- EXERCISE PROMPT
The listing below holds pictures; exclude them. Return exactly the lines from the one with "4322 Holly Hills" through the one with "Lá bồ đề cài".

- THE DATA
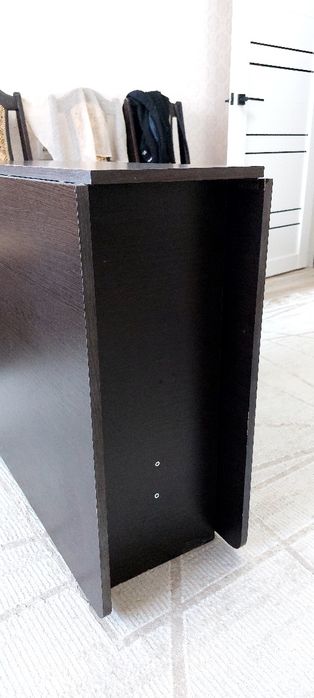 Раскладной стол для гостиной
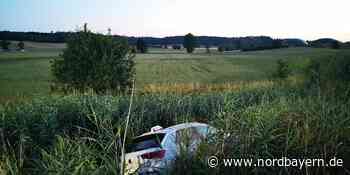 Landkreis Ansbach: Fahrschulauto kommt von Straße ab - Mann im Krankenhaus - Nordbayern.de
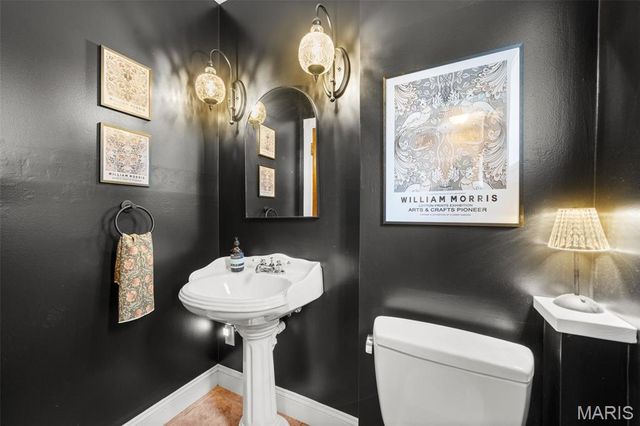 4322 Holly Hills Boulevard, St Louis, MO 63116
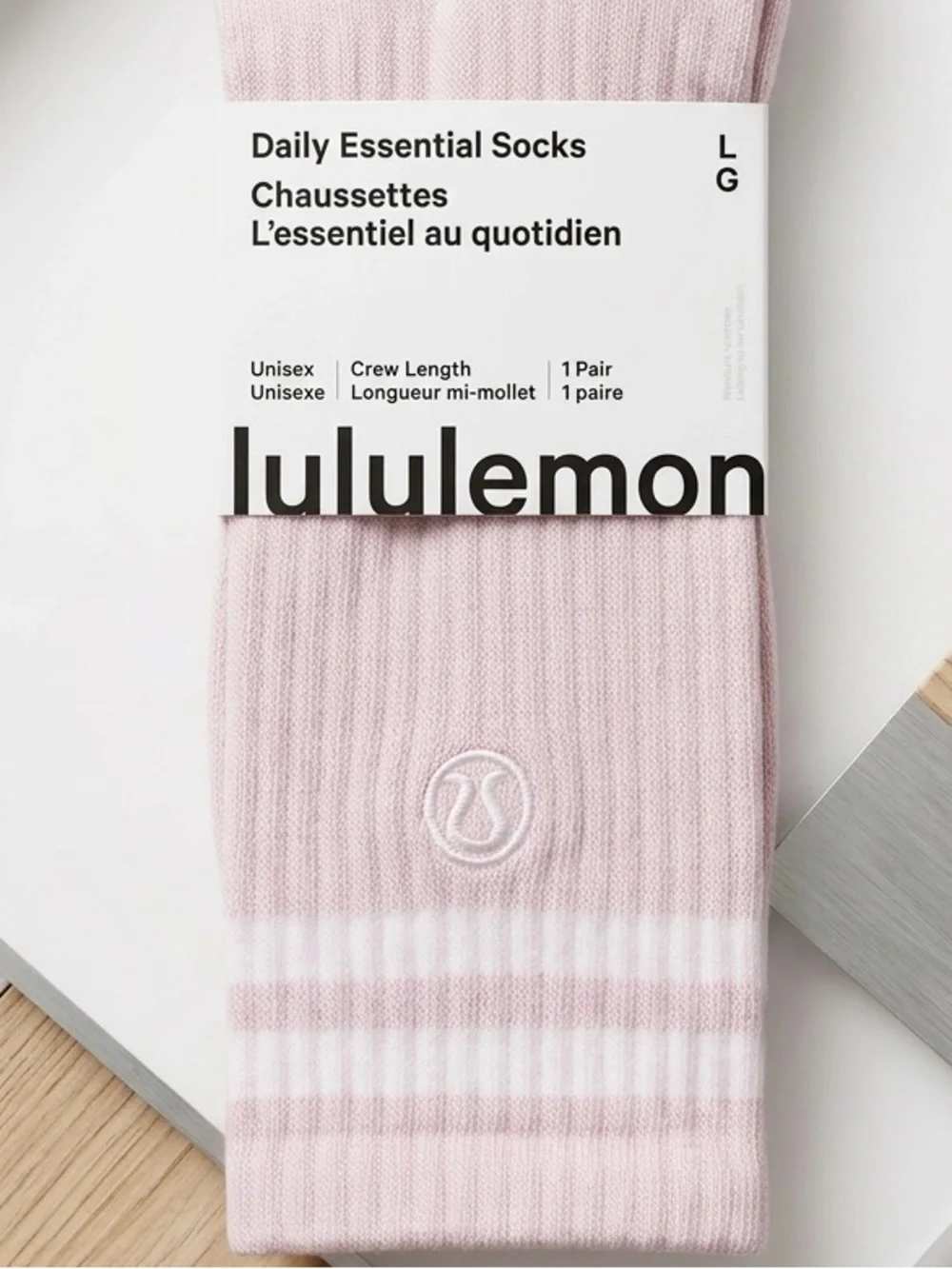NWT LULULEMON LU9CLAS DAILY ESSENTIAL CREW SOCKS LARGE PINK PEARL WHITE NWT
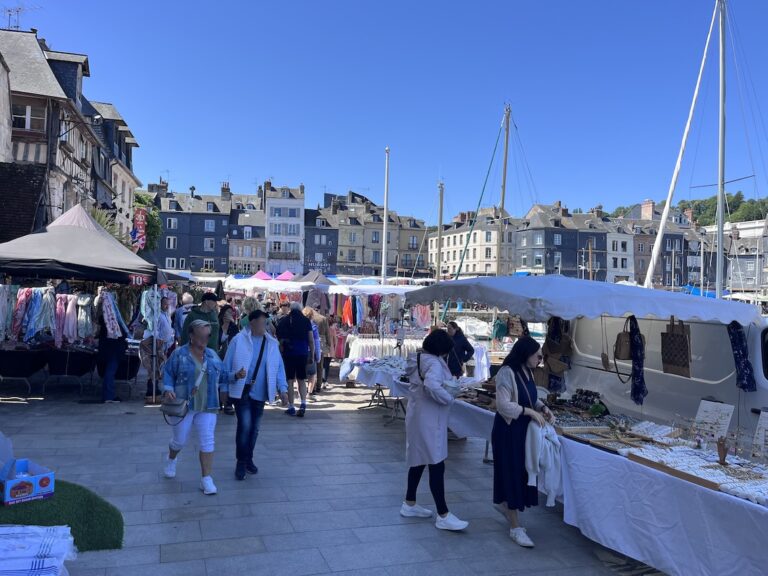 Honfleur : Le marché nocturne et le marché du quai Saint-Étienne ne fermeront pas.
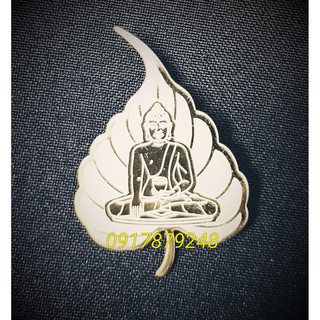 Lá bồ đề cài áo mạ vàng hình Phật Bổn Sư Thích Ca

==

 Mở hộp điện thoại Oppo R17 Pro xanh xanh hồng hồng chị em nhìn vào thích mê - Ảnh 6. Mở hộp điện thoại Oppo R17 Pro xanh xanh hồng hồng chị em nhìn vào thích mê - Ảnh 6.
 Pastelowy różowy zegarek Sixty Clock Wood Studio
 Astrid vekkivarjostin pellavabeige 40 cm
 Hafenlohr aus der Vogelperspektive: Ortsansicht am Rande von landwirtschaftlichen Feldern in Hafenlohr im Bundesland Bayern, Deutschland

==

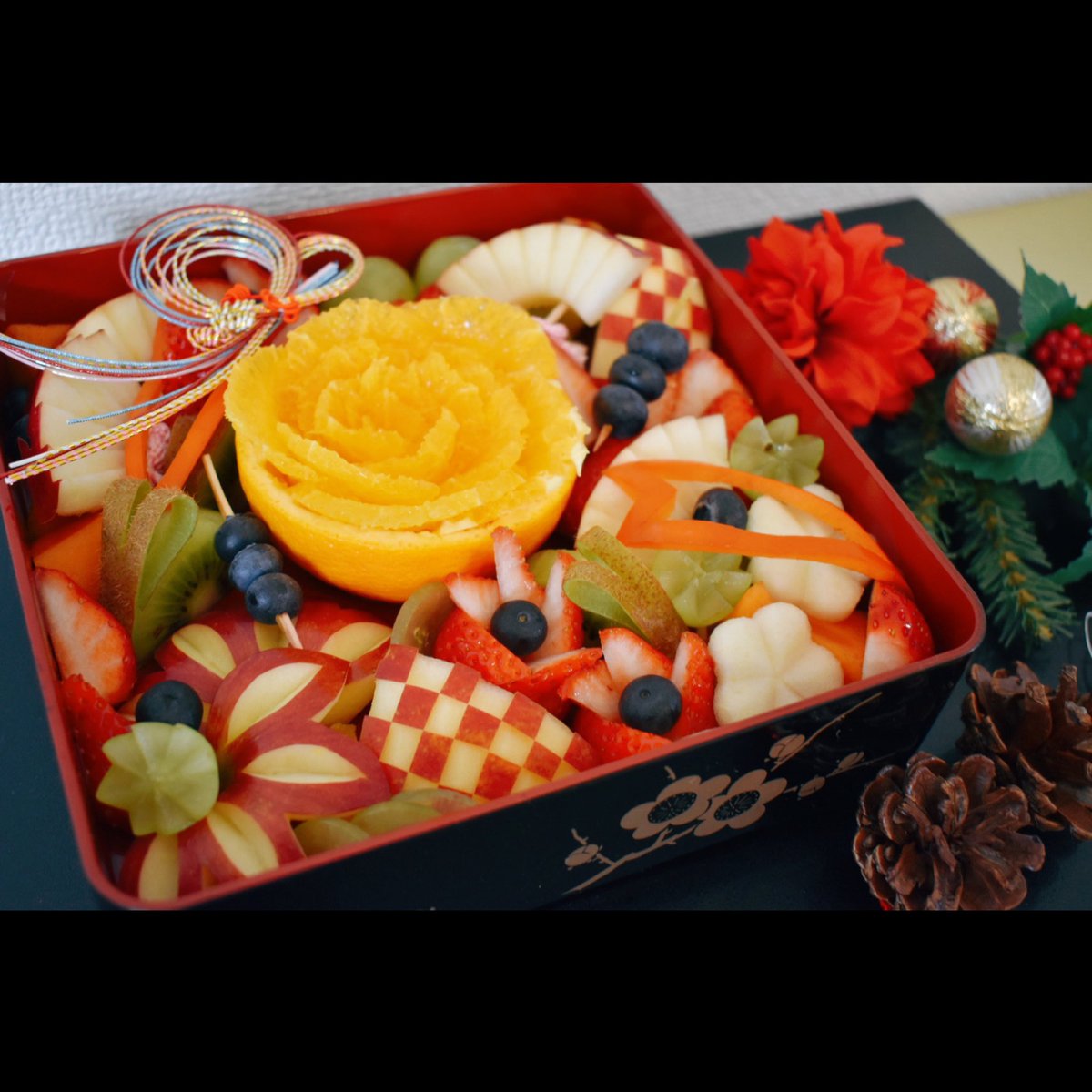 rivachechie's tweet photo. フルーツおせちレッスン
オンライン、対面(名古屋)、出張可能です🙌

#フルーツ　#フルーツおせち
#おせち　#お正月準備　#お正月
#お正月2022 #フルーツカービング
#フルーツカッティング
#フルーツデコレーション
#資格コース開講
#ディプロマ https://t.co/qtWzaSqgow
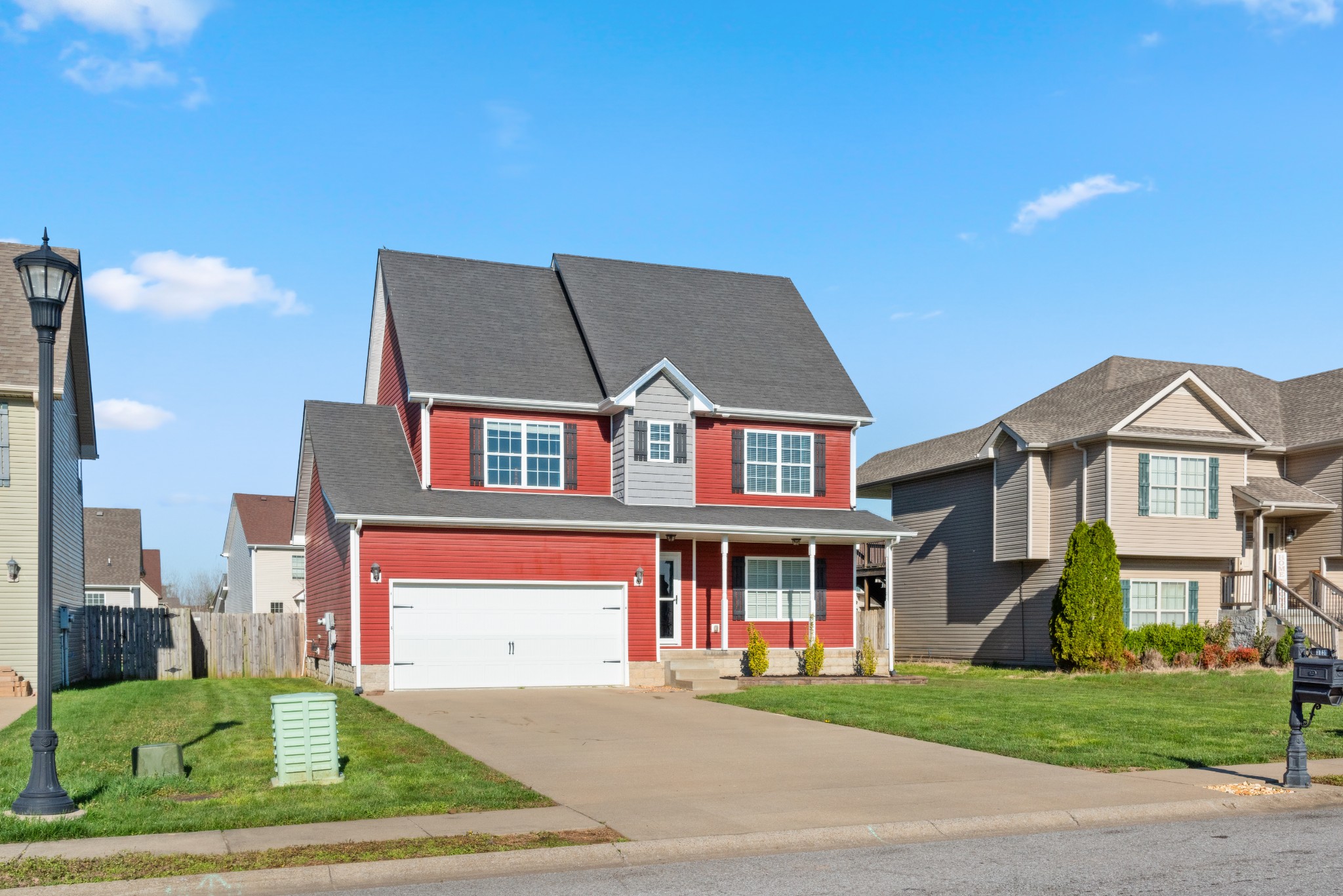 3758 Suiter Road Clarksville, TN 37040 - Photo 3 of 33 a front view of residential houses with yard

- SOLUTION FOR THIS PROBLEM
 4322 Holly Hills Boulevard, St Louis, MO 63116
NWT LULULEMON LU9CLAS DAILY ESSENTIAL CREW SOCKS LARGE PINK PEARL WHITE NWT
 Honfleur : Le marché nocturne et le marché du quai Saint-Étienne ne fermeront pas.
 Lá bồ đề cài áo mạ vàng hình Phật Bổn Sư Thích Ca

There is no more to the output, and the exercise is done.